A remarkable hour of television in its breadth, it was surely the most ambitious "Louie." Most telling, perhaps, is that its normally self-critical creator actually allows for some modicum of satisfaction.

"I sat and watched it air last night and I don't ever do that," Louis C.K. said by phone Friday, interrupting his preparations for Hurricane Irene to reflect on the episode. "I was very emotional about having gotten it done, that we actually did it. It seemed like an impossibility."

Much of the episode took inspiration from Louis C.K.'s 2008 Sergeant Major of the Army Tour to Iraq, Afghanistan and Kuwait, an experience that resonated for the 43-year-old comedian. Country singer and former U.S. Army Ranger Keni Thomas and cheerleader Lilly Robbins were on the tour, and both have significant roles as themselves in the "Louie" episode.
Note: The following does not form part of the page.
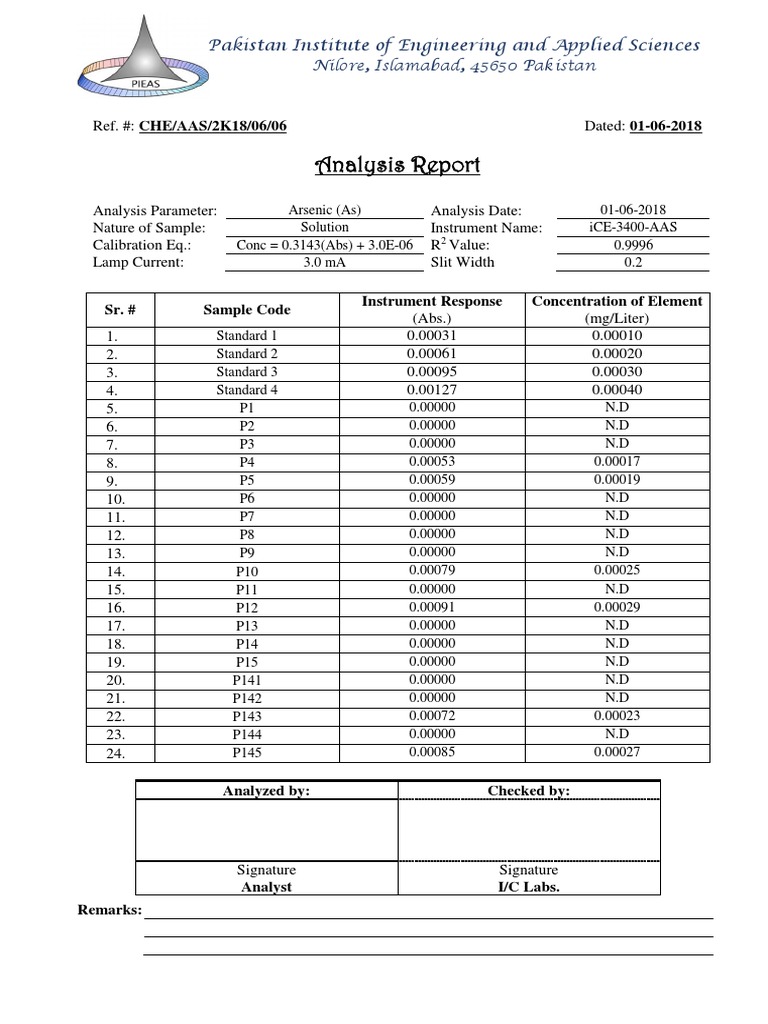 Analysis of Arsenic Levels in Water Samples Using Atomic Absorption Spectroscopy Reveals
Though he considers himself a pacifist and politically anti-war, he admires soldiers and their sense of duty.

"The Army is kind of an amazing organization when you let yourself be submerged into it," says Louis C.K. "They're just highly professional people and decent. I guess decency is something I reach out to because I'm not decent."

The trip also fascinated his two daughters, who shortly thereafter took care of ducklings as part of a school project. Mary Louise suggested her father make an episode that combined the two, with Louie bringing a duckling to Afghanistan.

The logistical complications were considerable. First, they tried to shoot the show while on a USO tour, but that proved impossible. With the Army's help, they then looked at shooting at Fort Bliss in Texas. When that, too, didn't work out, they finally settled on shooting in the desert of Santa Clarita, Calif.

"There was a bunch of times where we thought we weren't going to be able to do it," says Louis C.K. "Sheer force of will is what made it happen."

Still, the task seemed enormous for a show that rarely strays from modest Manhattan settings and which Louis C.K. edits himself at his apartment. A week after wrapping the second season of "Louie," the crew went to California for the four-day, helicopter-filled shoot.

Photojournalist Tim Hetherington and filmmaker Sebastian Junger (who together made the Afghanistan war documentary "Restrepo") briefly consulted on the project. When Hetherington, a friend of "Louie" producer Blair Breard, was killed by mortar shells in Libya in April, a renewed conviction took hold.